Em alguns momentos sua balança pendeu mais para o comprometimento político, como no grande épico 1900 (1976), monumental afresco da primeira metade do século passado na Itália, a partir do ponto de vista da esquerda. Ali, a par do vigor e da grandeza, há um certo esquematismo e mesmo a facilidade da caricatura em personagens como o fascista psicopata vivido por Donald Sutherland.
Nesse contexto, a outra grande epopeia do diretor, O último imperador (1987), assume quase o sentido de uma revisão crítica do arrebatamento político da juventude, numa visão mais serena e madura (conservadora, dirão os críticos) do caráter transitório das paixões políticas diante da profundidade e da diversidade dos sentimentos humanos.
Em outros momentos, a ênfase recaiu sobre a sexualidade, como em La luna (1979), dolorosa exploração do complexo de Édipo, ou em O último tango em Paris (1972), essa espécie de expressão cinematográfica dos versos de Manuel Bandeira: “os corpos se entendem/ mas as almas não”. A revelação de uma violência (mais psicológica do que física) cometida no set do Último tango por Bertolucci e Marlon Brando contra a então jovem atriz Maria Schneider manchou nos últimos anos a reputação desse filme, marcado desde sempre pela controvérsia e pelo escândalo.
Tragédia e barroquismo
Polêmica moral à parte (esta é uma coluna de cinema, não um juizado de condutas), talvez seja, no fim das contas, o filme mais visceral do diretor, aquele que se mantém mais vivo e pungente em sua junção de enredo trágico, modernidade narrativa, música envolvente (de Gato Barbieri) e atuações soberbas.
Há também, é claro, as tentativas de confluência das duas vertentes (a intimista e a política) em filmes como Antes da revolução (1964), O conformista (1970) e, numa perspectiva nostálgica e um tanto diluída, Os sonhadores (2003).

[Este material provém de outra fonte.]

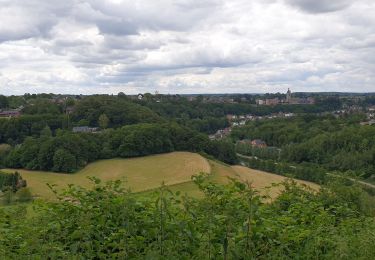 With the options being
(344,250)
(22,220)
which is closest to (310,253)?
(344,250)

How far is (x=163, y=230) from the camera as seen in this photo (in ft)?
16.1

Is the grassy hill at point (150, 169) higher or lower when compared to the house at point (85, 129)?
lower

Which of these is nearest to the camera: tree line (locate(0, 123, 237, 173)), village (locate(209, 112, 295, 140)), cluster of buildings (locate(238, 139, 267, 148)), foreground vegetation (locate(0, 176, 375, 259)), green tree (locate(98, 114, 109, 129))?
foreground vegetation (locate(0, 176, 375, 259))

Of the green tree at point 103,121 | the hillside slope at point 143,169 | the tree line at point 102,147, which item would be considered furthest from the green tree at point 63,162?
the green tree at point 103,121

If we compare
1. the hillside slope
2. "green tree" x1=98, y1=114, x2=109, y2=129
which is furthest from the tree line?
"green tree" x1=98, y1=114, x2=109, y2=129

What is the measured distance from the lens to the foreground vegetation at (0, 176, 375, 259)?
15.1 ft

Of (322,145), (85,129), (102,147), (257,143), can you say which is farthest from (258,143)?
(102,147)

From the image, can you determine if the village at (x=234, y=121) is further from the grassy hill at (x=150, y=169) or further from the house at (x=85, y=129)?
the grassy hill at (x=150, y=169)

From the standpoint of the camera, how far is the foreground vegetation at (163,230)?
4.61 metres

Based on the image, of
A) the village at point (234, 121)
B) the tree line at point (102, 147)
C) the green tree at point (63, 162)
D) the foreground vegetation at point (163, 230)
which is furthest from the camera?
the village at point (234, 121)

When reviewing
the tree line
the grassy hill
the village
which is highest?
the tree line

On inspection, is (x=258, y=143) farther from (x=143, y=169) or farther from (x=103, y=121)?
(x=143, y=169)

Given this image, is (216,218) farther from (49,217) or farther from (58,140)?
(58,140)

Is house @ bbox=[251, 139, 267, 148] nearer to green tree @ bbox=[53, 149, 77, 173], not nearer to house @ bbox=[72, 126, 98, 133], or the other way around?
house @ bbox=[72, 126, 98, 133] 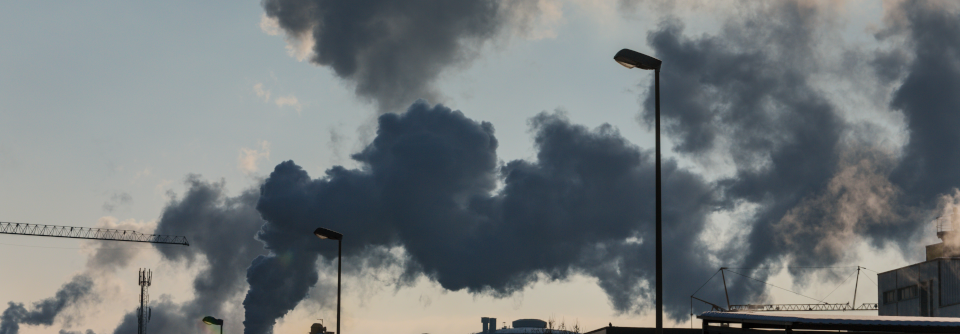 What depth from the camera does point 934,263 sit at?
223 feet

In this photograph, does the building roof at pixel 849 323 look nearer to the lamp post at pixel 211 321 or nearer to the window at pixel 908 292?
the lamp post at pixel 211 321

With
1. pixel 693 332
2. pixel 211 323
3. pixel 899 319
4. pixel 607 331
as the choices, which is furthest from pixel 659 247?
pixel 693 332

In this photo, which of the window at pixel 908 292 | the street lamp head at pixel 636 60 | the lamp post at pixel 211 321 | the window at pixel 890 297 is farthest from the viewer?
the window at pixel 890 297

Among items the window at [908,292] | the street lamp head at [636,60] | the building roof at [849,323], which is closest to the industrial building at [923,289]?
the window at [908,292]

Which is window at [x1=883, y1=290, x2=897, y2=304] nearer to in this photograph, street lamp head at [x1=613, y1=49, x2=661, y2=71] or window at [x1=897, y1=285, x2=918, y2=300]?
window at [x1=897, y1=285, x2=918, y2=300]

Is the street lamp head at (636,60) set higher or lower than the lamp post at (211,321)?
higher

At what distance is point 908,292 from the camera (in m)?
71.4

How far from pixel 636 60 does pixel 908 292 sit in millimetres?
61987

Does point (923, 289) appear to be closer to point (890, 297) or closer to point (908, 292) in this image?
point (908, 292)

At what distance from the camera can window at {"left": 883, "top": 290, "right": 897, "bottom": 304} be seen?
7412 cm

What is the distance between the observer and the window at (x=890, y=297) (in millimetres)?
74125

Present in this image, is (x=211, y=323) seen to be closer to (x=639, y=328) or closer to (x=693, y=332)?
(x=639, y=328)


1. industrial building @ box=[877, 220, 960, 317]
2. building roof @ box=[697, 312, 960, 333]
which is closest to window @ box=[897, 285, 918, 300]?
industrial building @ box=[877, 220, 960, 317]

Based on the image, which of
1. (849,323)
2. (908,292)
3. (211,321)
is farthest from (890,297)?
(849,323) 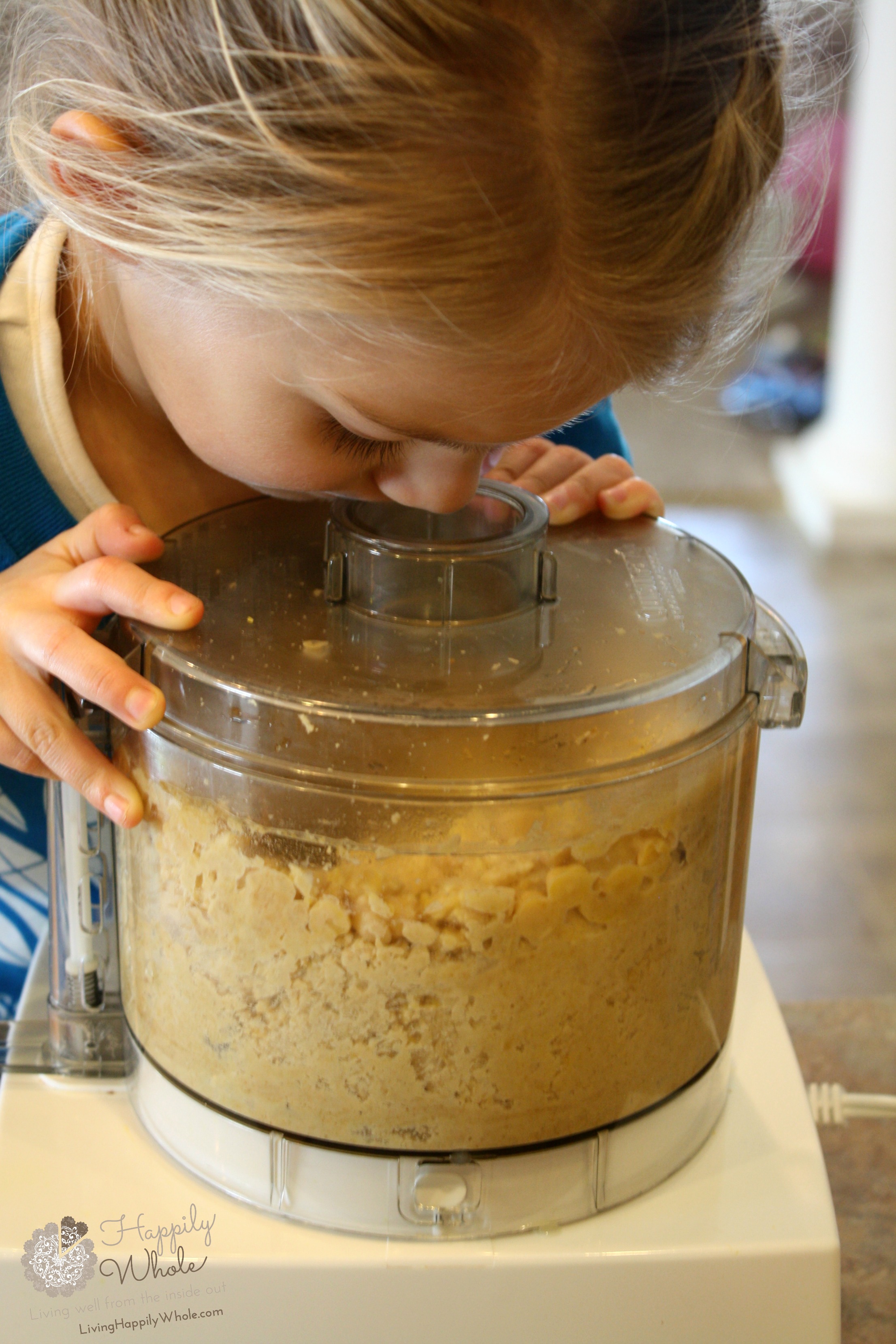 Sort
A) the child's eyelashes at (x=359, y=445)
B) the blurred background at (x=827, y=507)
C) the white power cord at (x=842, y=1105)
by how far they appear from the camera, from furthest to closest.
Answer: the blurred background at (x=827, y=507)
the white power cord at (x=842, y=1105)
the child's eyelashes at (x=359, y=445)

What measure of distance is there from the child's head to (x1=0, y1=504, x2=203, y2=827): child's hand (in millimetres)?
81

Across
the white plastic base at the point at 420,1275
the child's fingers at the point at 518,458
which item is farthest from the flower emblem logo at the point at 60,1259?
the child's fingers at the point at 518,458

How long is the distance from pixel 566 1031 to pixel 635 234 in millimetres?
265

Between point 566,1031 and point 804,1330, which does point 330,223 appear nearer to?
point 566,1031

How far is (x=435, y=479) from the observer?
0.50 metres

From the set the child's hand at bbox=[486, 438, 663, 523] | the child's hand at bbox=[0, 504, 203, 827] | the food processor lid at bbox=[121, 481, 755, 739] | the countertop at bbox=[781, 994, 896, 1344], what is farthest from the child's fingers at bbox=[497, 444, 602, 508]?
the countertop at bbox=[781, 994, 896, 1344]

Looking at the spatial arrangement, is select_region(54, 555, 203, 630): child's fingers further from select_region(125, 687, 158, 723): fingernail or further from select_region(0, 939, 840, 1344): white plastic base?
select_region(0, 939, 840, 1344): white plastic base

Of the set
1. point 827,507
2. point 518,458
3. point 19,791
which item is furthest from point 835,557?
point 19,791

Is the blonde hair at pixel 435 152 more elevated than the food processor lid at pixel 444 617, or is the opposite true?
the blonde hair at pixel 435 152

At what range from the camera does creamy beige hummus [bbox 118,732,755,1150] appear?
1.36ft

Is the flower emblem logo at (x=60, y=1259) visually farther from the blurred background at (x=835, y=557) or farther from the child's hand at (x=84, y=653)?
the blurred background at (x=835, y=557)

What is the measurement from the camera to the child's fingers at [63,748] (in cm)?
46

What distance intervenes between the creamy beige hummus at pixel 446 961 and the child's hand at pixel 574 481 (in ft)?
0.51

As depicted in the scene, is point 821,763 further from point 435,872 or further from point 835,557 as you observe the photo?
point 435,872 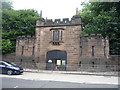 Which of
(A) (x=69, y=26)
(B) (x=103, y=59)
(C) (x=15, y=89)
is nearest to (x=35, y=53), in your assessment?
(A) (x=69, y=26)

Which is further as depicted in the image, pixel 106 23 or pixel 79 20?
pixel 79 20

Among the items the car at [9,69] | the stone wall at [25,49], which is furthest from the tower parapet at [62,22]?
the car at [9,69]

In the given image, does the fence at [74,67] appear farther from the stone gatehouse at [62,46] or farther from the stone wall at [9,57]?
the stone wall at [9,57]

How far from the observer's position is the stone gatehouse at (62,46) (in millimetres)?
19625

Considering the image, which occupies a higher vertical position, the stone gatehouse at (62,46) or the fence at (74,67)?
the stone gatehouse at (62,46)

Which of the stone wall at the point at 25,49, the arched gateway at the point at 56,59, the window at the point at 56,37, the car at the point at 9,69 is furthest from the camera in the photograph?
the stone wall at the point at 25,49

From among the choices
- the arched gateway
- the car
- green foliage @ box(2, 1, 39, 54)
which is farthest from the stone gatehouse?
the car

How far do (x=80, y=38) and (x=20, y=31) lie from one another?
45.0ft

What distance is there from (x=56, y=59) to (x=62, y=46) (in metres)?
2.38

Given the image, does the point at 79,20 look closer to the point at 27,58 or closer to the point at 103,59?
the point at 103,59

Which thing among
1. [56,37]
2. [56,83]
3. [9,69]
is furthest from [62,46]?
[56,83]

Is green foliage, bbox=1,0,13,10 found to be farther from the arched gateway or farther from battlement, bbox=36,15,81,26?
the arched gateway

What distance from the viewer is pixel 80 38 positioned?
68.4 ft

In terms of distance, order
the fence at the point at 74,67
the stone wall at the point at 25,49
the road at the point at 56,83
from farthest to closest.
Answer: the stone wall at the point at 25,49 → the fence at the point at 74,67 → the road at the point at 56,83
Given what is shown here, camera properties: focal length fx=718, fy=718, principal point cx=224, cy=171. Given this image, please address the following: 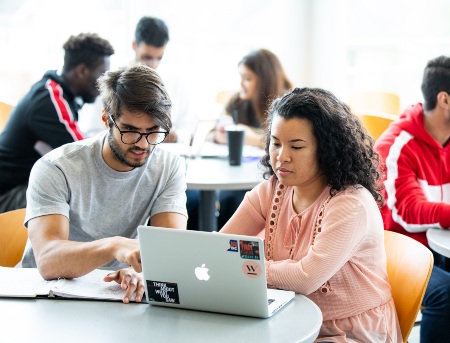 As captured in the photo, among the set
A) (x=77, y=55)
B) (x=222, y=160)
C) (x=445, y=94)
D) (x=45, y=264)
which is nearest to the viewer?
(x=45, y=264)

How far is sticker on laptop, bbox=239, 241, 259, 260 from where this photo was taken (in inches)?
59.3

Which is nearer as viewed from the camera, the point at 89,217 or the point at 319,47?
the point at 89,217

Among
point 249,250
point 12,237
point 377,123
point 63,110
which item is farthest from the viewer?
point 377,123

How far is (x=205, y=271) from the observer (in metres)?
1.59

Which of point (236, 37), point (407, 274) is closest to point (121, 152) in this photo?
point (407, 274)

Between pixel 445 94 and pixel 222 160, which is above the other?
pixel 445 94

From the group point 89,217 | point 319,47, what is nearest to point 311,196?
point 89,217

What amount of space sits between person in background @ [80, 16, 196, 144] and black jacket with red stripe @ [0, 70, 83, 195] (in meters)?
0.50

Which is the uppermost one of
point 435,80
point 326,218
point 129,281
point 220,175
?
point 435,80

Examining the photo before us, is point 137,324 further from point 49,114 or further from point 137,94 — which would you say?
point 49,114

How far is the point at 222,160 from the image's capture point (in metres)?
3.46

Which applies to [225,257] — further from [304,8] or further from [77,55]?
[304,8]

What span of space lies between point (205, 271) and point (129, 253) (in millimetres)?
230

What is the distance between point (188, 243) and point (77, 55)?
186cm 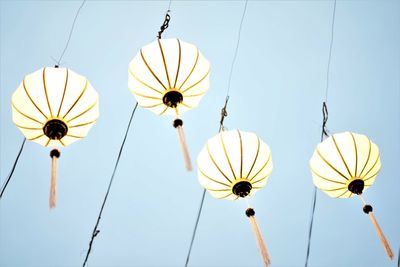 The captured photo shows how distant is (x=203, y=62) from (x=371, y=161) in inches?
101

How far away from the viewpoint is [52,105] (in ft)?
13.6

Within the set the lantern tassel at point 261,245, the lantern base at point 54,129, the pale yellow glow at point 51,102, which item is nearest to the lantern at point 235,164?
the lantern tassel at point 261,245

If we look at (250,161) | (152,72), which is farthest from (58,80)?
(250,161)

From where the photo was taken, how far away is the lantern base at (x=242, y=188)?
15.1 feet

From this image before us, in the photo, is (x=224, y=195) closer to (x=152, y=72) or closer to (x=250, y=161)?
(x=250, y=161)

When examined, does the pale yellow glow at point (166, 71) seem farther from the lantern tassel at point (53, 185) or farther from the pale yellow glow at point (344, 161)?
the pale yellow glow at point (344, 161)

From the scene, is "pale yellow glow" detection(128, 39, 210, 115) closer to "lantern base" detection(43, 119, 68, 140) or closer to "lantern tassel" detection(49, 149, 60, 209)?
"lantern base" detection(43, 119, 68, 140)

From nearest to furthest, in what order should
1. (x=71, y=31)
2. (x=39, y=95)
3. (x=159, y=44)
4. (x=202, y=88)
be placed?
(x=39, y=95)
(x=159, y=44)
(x=202, y=88)
(x=71, y=31)

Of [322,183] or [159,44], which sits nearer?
[159,44]

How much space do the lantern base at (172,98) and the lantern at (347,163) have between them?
81.0 inches

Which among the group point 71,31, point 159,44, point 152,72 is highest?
point 71,31

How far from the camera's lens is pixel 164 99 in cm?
444

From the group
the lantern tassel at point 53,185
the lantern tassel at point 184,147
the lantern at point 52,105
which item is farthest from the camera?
the lantern at point 52,105

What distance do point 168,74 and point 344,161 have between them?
251cm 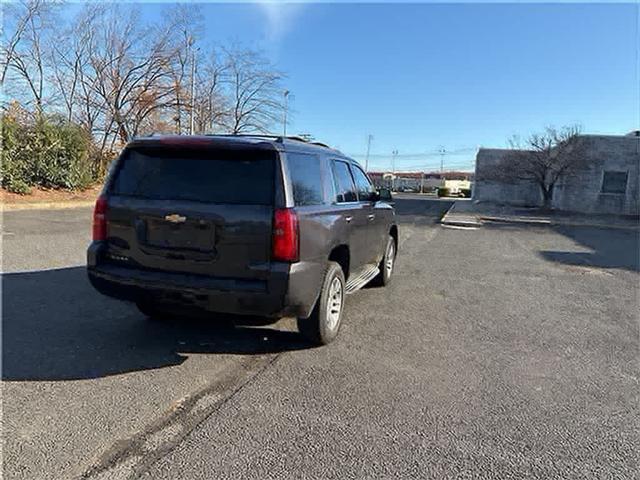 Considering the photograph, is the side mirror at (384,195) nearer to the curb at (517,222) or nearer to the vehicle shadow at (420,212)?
the curb at (517,222)

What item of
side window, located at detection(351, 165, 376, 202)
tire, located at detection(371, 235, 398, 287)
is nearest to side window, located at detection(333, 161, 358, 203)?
side window, located at detection(351, 165, 376, 202)

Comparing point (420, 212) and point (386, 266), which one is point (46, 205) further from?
point (420, 212)

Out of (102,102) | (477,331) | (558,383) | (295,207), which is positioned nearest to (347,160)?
(295,207)

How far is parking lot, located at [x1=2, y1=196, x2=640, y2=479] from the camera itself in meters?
2.57

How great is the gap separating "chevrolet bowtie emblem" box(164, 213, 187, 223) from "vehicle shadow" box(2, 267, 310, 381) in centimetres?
119

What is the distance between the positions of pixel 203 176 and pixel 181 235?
51 centimetres

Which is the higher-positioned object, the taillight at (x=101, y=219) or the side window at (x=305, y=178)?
the side window at (x=305, y=178)

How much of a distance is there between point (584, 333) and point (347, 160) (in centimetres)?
333

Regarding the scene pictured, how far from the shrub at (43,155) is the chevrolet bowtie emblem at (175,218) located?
49.3ft

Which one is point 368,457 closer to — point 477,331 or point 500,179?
point 477,331

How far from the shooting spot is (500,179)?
2977 cm

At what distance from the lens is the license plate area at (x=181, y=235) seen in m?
3.58

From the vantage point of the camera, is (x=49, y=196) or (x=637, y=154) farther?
(x=637, y=154)

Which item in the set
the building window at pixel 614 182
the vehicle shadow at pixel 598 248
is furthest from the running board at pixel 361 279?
the building window at pixel 614 182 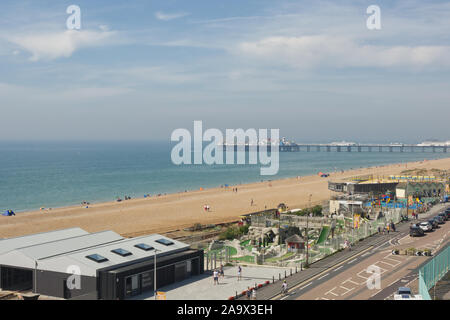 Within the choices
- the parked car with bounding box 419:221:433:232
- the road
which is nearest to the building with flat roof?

Filho de um poeta importante (Attilio Bertolucci), o cineasta sempre se alimentou da literatura, mas procurando distanciar-se dela mediante um extremado apuro visual. Em sua constante parceria com o grande diretor de fotografia Vittorio Storaro, Bertolucci tocou às vezes as raias de um barroquismo ornamental. Com O último imperador, essa estética suntuosa conquistou a sensibilidade do grande público e a aprovação do establishment cinematográfico, arrebatando nada menos que nove Oscars, algo um tanto insólito para um antigo companheiro de trincheira de Glauber Rocha e Jean-Luc Godard em defesa de um cinema esteticamente radical e sem concessões.